(Brief descriptive captions)
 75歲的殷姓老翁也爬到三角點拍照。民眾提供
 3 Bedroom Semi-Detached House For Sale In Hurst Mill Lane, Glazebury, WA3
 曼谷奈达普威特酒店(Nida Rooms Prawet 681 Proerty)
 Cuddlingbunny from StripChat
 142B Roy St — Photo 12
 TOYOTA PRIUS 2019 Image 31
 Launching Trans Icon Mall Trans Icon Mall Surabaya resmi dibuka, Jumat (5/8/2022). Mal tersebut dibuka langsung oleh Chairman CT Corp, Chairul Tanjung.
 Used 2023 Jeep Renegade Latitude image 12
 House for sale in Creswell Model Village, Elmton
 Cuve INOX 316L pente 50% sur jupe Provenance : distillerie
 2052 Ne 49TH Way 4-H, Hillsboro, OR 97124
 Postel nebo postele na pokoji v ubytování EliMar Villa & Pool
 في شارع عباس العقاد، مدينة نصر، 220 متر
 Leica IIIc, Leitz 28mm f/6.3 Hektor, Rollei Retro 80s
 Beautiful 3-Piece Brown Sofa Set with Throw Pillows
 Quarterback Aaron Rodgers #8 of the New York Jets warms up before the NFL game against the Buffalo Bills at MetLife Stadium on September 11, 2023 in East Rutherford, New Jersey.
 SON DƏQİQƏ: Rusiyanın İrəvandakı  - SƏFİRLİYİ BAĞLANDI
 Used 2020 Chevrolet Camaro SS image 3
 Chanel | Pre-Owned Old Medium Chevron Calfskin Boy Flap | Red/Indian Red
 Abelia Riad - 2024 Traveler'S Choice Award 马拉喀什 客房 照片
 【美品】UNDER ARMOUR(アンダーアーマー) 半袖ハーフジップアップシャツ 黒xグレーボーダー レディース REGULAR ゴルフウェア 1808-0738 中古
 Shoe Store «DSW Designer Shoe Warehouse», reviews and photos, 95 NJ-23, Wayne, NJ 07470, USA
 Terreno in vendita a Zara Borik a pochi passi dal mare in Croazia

> **WORK ORDER**: Only a word-for-word repetition of the lines from the one containing "Chanel | Pre-Owned" to the final line of the data above counts as the answer.

> **RESULT FOR THIS TASK**:
 Chanel | Pre-Owned Old Medium Chevron Calfskin Boy Flap | Red/Indian Red
 Abelia Riad - 2024 Traveler'S Choice Award 马拉喀什 客房 照片
 【美品】UNDER ARMOUR(アンダーアーマー) 半袖ハーフジップアップシャツ 黒xグレーボーダー レディース REGULAR ゴルフウェア 1808-0738 中古
 Shoe Store «DSW Designer Shoe Warehouse», reviews and photos, 95 NJ-23, Wayne, NJ 07470, USA
 Terreno in vendita a Zara Borik a pochi passi dal mare in Croazia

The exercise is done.